» **Description of the task**:
Word for word, set down the records and skip each picture.

:: Records shown

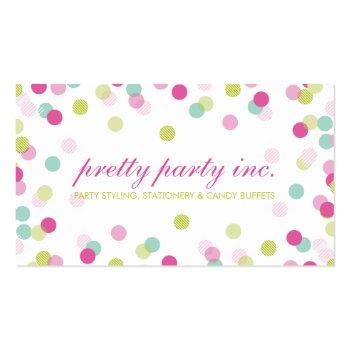 Small Business Card :: Stylish Confetti Pink Lime Mint Back View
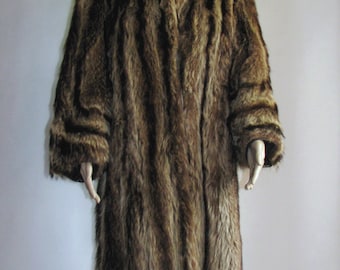 Real FUR COAT womans ferret fox fur long coat true vintage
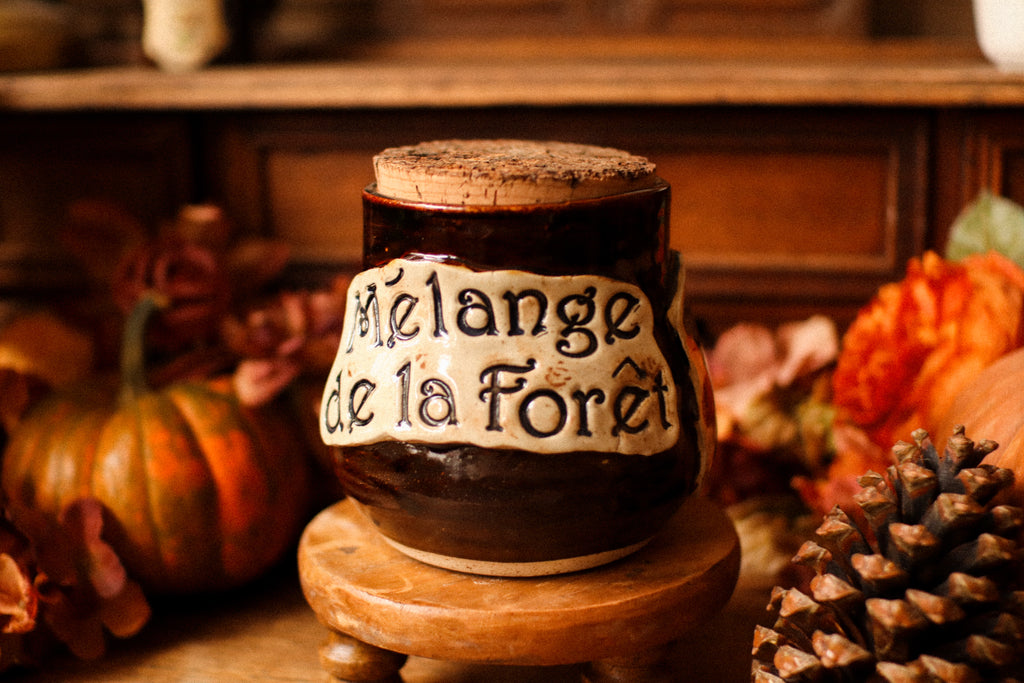 Grand pot pour cuisine style apothicaire avec étiquette « Mélange de la forêt »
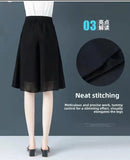 High Waist Wide Leg Pants Women Summer Loose Thin Chiffon Five-Quarter Length Anti-Light Skirt Trendy Casual Trousers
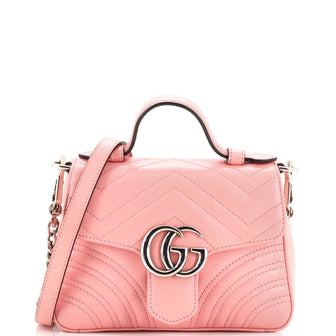 Gucci GG Marmont Top Handle Flap Bag Matelasse Leather Mini
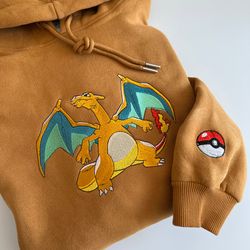 Pokemon Charizard Embroidered Hoodie, Pokemon Embroidered Sweatshirt, Pokemon Embroidery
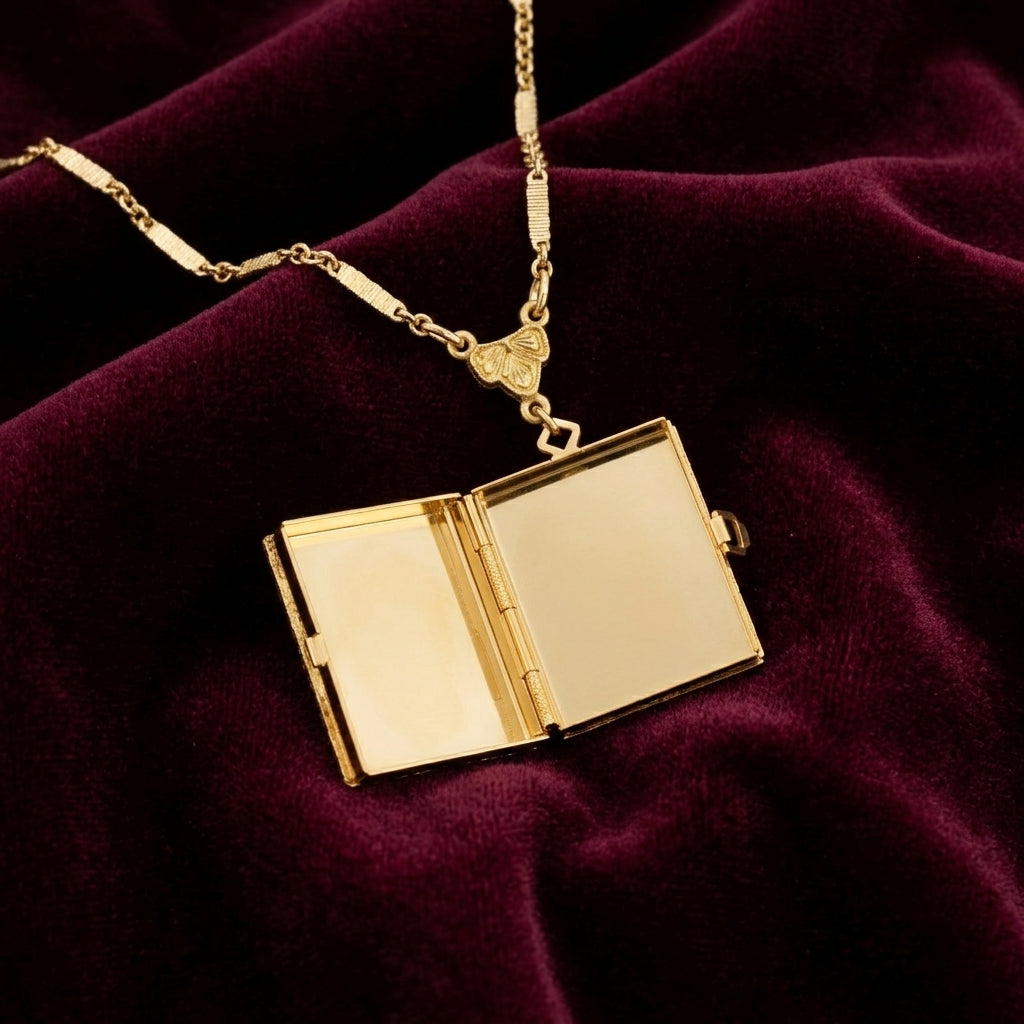 Gold necklace with an open book locket on a dark purple fabric background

::::

» **Written response**:
 Small Business Card :: Stylish Confetti Pink Lime Mint Back View
 Real FUR COAT womans ferret fox fur long coat true vintage
 Grand pot pour cuisine style apothicaire avec étiquette « Mélange de la forêt »
 High Waist Wide Leg Pants Women Summer Loose Thin Chiffon Five-Quarter Length Anti-Light Skirt Trendy Casual Trousers
 Gucci GG Marmont Top Handle Flap Bag Matelasse Leather Mini
 Pokemon Charizard Embroidered Hoodie, Pokemon Embroidered Sweatshirt, Pokemon Embroidery
 Gold necklace with an open book locket on a dark purple fabric background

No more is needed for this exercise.